Florida’s plan to build a commercial space launch center on about 200 acres of the Merritt Island National Wildlife Refuge, near the Kennedy Space Center, drew sharp criticism from environmentalists during a hearing. The refuge includes 18 federally listed endangered species, Reuters reports.
A draft environmental impact statement by the Federal Energy Regulatory Commission found that the Constitution Pipeline Project and Wright Interconnect Project, which would build 124 miles of 30-inch-diameter natural gas pipeline in Pennsylvania and New York, would have some adverse environmental impacts but these impacts can be reduced to less-than-significant levels.
California Energy Commission chair Robert Weisenmiller said the state may allow owners to delay retiring some gas-fired generators that faced closure under rules restricting once-through cooling from ocean water. State regulators are re-examining the timelines because of the loss of 2 GW of power from the shuttered San Onofre nuclear plant, Reuters reports.
The Sierra Club, Earthworks and Citizens for a Healthy Fort Collins filed a motion to intervene in the Colorado Oil and Gas Association’s lawsuit against the city of Fort Collins. The association is trying to overturn a five-year fracking ban that the city passed through a ballot measure in November.
Noble Energy, Anadarko and Encana are supporting tighter Colorado regulations designed to cut pollution from wells, pipelines and processing plants, the Denver Business Journal reports.
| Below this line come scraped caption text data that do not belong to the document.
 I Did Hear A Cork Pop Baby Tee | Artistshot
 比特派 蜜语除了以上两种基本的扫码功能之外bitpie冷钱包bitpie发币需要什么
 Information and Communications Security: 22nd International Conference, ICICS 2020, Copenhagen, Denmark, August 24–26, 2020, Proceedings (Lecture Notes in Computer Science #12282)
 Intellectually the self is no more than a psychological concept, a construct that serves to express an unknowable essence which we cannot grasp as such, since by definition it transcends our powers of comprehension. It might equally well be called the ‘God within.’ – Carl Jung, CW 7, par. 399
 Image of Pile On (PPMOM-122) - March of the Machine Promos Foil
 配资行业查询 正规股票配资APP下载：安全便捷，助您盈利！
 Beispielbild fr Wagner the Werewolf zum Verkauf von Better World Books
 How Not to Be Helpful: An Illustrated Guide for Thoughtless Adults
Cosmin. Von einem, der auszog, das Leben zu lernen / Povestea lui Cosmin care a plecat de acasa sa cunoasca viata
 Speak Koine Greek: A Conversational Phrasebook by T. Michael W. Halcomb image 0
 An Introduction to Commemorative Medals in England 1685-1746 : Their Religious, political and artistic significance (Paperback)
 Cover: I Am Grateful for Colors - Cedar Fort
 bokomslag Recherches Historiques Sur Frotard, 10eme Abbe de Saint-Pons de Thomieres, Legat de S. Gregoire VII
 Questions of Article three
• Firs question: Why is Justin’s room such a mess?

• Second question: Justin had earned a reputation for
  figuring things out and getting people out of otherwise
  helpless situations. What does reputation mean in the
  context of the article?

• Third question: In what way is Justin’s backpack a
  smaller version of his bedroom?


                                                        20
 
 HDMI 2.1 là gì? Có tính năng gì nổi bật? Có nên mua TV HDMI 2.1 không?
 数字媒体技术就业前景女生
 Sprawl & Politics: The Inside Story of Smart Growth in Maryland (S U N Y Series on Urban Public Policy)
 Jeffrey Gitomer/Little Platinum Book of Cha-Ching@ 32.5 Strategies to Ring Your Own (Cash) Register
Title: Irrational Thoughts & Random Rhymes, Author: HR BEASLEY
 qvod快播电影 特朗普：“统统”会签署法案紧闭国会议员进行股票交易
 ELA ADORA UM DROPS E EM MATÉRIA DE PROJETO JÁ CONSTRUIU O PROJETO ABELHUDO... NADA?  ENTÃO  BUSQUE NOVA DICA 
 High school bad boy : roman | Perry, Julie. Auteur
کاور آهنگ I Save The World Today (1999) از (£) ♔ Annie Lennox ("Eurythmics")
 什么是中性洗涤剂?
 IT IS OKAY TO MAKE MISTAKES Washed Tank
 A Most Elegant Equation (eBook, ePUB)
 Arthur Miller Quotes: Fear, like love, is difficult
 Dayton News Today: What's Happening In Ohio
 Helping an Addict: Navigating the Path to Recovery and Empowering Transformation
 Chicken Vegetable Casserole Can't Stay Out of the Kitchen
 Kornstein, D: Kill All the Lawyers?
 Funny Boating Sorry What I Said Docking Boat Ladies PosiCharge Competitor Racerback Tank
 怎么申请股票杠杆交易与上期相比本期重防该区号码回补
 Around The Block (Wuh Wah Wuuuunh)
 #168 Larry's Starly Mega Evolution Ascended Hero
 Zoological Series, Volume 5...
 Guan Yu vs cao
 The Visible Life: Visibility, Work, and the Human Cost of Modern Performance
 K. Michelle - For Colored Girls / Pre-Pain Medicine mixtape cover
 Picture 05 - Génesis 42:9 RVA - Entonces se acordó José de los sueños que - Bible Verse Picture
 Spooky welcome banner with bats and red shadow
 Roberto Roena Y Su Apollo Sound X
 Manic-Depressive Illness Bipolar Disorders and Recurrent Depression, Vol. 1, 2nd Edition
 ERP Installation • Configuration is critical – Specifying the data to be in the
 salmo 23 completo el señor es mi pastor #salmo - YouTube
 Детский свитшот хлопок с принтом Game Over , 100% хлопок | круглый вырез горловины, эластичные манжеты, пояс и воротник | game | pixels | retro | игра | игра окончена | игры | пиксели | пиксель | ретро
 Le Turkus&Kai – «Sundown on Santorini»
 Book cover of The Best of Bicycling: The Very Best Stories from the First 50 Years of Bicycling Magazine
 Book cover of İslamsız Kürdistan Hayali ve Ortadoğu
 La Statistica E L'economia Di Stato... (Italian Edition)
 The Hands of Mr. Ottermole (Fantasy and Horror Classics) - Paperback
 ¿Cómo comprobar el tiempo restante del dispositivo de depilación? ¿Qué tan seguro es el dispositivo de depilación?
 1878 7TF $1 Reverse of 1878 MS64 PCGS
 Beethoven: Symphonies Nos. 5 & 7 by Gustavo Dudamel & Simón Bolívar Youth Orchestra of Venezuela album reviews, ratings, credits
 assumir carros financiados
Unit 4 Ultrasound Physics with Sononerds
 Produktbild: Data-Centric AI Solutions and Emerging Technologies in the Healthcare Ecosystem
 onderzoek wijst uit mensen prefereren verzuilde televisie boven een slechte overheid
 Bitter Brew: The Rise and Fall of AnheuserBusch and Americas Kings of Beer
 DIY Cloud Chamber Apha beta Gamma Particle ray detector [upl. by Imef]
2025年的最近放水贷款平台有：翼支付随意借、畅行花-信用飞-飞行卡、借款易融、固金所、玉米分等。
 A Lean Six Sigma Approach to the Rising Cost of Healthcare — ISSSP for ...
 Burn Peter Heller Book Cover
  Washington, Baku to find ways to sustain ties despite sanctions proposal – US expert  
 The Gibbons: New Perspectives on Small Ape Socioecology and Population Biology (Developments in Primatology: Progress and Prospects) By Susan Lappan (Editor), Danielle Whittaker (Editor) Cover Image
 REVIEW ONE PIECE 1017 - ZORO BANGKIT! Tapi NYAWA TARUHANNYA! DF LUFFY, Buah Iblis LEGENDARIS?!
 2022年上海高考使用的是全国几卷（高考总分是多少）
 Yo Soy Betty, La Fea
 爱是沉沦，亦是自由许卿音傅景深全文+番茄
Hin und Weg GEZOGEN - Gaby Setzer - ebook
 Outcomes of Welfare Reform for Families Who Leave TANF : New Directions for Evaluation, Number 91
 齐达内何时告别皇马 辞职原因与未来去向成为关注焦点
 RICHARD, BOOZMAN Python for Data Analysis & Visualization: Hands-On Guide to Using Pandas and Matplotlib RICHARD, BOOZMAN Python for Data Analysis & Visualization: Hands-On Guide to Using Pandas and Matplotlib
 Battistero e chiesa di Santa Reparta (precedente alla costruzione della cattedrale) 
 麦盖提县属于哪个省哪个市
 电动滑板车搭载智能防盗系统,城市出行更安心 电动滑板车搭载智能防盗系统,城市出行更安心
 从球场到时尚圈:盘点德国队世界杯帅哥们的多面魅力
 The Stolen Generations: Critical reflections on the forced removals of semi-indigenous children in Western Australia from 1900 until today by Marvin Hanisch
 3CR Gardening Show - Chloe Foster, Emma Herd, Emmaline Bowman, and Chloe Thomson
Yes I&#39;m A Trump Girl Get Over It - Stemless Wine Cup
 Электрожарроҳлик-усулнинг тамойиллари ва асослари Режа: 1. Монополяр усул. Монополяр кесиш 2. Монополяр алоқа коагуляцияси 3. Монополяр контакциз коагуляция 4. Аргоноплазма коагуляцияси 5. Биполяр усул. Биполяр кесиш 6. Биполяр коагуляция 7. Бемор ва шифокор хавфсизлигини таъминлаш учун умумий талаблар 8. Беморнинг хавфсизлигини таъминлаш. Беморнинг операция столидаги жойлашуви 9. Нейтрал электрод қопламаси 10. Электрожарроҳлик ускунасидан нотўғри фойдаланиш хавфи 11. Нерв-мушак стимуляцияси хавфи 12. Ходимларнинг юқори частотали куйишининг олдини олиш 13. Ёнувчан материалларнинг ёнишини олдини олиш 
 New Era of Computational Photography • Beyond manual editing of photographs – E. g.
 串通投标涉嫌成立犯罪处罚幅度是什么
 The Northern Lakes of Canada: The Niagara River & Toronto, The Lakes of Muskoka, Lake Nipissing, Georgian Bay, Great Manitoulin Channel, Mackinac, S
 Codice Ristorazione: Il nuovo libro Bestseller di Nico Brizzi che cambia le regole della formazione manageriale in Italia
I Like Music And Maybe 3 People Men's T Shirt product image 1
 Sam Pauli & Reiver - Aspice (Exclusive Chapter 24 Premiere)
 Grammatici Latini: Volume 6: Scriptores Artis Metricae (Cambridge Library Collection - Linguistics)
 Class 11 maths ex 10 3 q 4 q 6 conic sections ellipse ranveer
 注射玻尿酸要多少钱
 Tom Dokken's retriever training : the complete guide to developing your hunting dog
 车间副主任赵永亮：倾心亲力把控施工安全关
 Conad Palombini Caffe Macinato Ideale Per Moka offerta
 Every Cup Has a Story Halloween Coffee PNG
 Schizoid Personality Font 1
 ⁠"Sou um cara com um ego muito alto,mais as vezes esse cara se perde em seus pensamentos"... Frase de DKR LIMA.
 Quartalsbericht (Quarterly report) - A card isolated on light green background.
Canadian mining company Infinito Gold has filed a request for arbitration with a World Bank court in its dispute with the Costa Rica government over the Las Crucitas mining concession, which the government revoked in 2010 over environmental and legal concerns, the Tico Times reports.
The UK government announced that its Code of Practice for Material Recycling Facilities in England and Wales will come into effect in October. The code will require quality testing for facilities that process over 1000 metric tons of materials a year, Waste Management World reports.
Three companies that operate four seafood processing vessels in federal waters off the coast of Alaska have settled violations of Clean Water Act permits, relating to the discharge of pollutants from seafood waste, the EPA says. Golden Fleece will pay a fine of over $136,000, Blue North Fisheries will pay $94,500, and The Fishing Company of Alaska will pay $44,000.